It’s been 11 years since Manvendra Singh Gohil came out, becoming the world’s only openly gay royal.
Back in 2006 when he told the world his sexuality, he was faced with burning effigies, protests and a negative backlash, as well as being disowned by his family.
Ever since, he has travelled the world telling his story, hoping to inspire a new generation of LGBTQ people to embrace themselves, as well as educating communities on the issues that face gay people in his home country.
Most recently he announced plans to transform his palace into a community centre for LGBTQ people.
And going into 2018, Manvendra is going to campaign for reform to India’s anti-LGBTQ laws.
Currently, sexual acts between people of the same sex are illegal, but the Supreme Court of India are reviewing legislation.
“Definitely there has been a huge change in the last 11 years [since I came out]. There have been some parents who have accepted their children,” Manvendra told ABC of the slow but sure social change surrounding homosexuality in India.

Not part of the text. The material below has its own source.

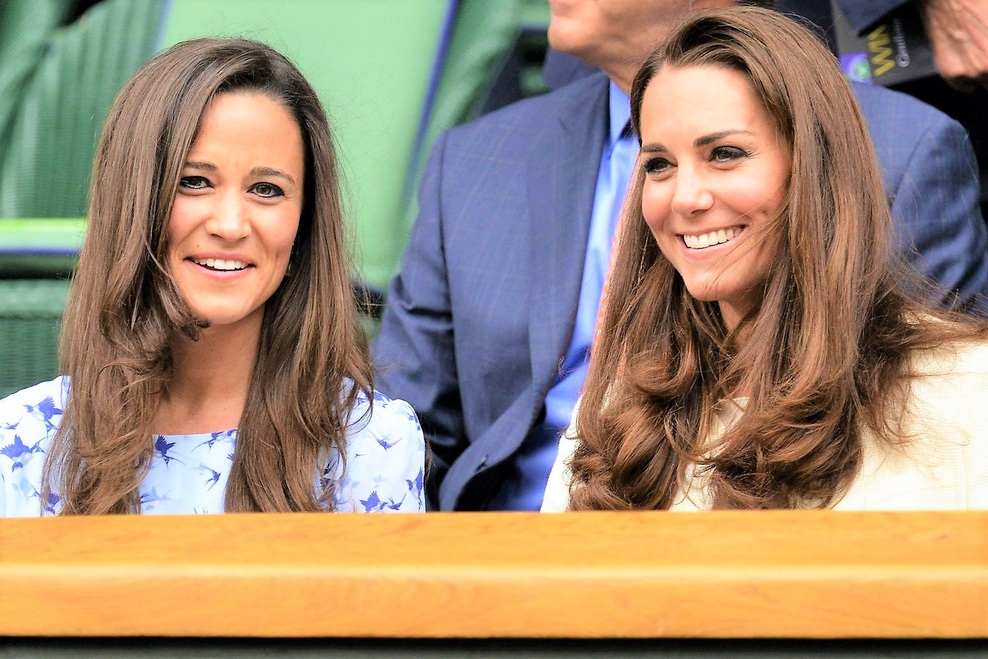 Izgledala je prečudovito: Pippa Middleton po dolgem času v javnosti obračala številne poglede (FOTO) (foto: Profimedia)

“There has also been a lot of change in the way that the media has been reporting. Earlier, the media would get the stories mixed up and say it’s unnatural and illegal and immoral.
“Now the media has also started reporting positive stories, and that’s a very good thing. The more support we get from society outside of the community, that’s something which will help us win our rights.”
Manvendra added that he wasn’t shocked about the negative reaction his coming out 11 years ago, mainly because of the ignorance towards LGBTQ issues in India.
“Even things like sex education is not taught in our education institutions. So it’s absolutely understandable that people are not aware,” he said.
However, he has vowed to continue instigating change and educating his people to pave way for a brighter future for LGBTQ people in the country.
“It’s my duty, the duty of an activist like me, to educate these people about what is the facts,” he said.
“And it’s only then that they will start accepting us and understanding our issues.”
As for the anti-LGBTQ law he wants eradicated, he argued that it’s an archaic piece of legislation that has been left over from India’s colonial era.
“This law was not an Indian law. One has to understand that homosexuality has been existing in our Indian society since bygone eras,” he said.
“We have temples in India which are centuries old where homoerotic statues have been openly depicted.”
He added: “We have got independence 70 years ago, when we have got rid of the British. I don’t understand the reason why the laws made by them are continued.
“And especially in our country, where our religion is predominantly Hinduism, is openly tolerant towards homosexuality.”